Our conclusions are consistent with the rule that, the Workmen's Compensation Act should be liberally construed. As we said in Danielson v. Industrial Commission, 96 Colo. 522, 44 P.2d 1011, 1013: "The act is highly remedial and beneficent in purpose, and should be liberally construed so as to accomplish its evident intent and purpose."

Objection is made by the employer to that portion of the formal judgment, which provides: "It Is Therefore Ordered, Adjudged and Decreed that the order of the Industrial Commission of Colorado dated May 10, 1950, be and the same is hereby affirmed and that Dorlores LaCombe Garcia have and recover judgment of and from L. B. Cole Produce Company, the employer, in the sum of $8,216.25 compensation together with the additional sum of $125.00 on account of funeral expenses paid by the said Dolores LaCombe Garcia making a total of $8,341.25."
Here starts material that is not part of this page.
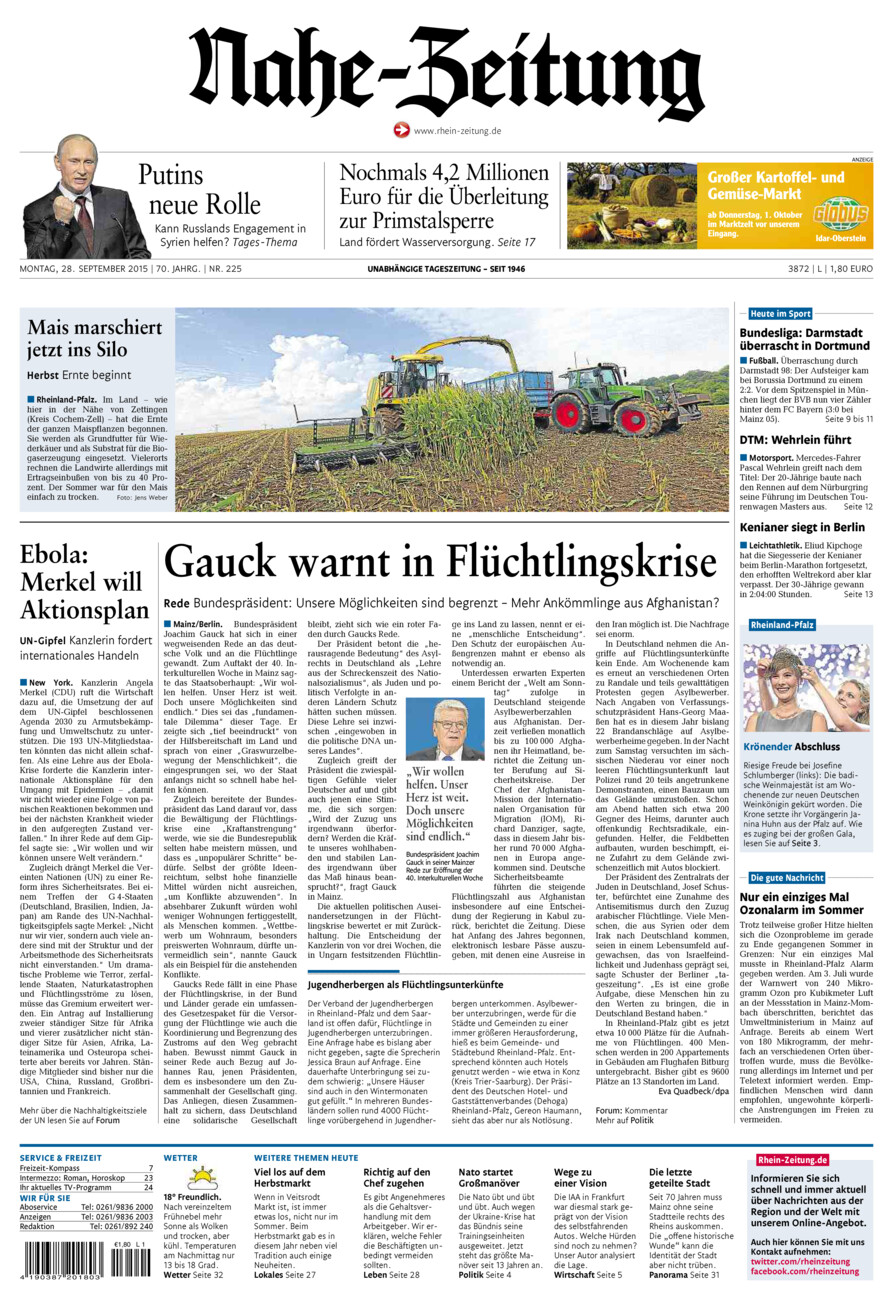 Nahe-Zeitung vom Montag, 28.09.2015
The specification of points in this connection is that, "The District Court erred and exceeded its jurisdiction in entering a money judgment against plaintiff in error, after affirming the award of the Industrial Commission." The effect of the award of the commission was to provide monthly payments to claimant, in the amount of $114.11, until $8,216.25 had been paid. These payments would not continue beyond the lifetime of claimant. The effect of the judgment of the district court was to award a judgment as of the date of the entry thereof, for the full maximum sum, which, under the commission's award, could only be collected by claimant in monthly instalments, if she should live for a sufficient length of time to collect the full amount. Upon review of proceedings before the Industrial Commission the district court, "may affirm or set aside such order or award". Chapter 97, section 382, '35 C.S.A. In the instant case, the district court having affirmed the award of the commission, was without jurisdiction to enter *811 judgment for the claimant for the maximum sum which might thereafter accrue under the award.

The award of compensation is affirmed; but the cause is remanded for revision of the judgment to accord with the provisions of the statute and the views expressed in this opinion.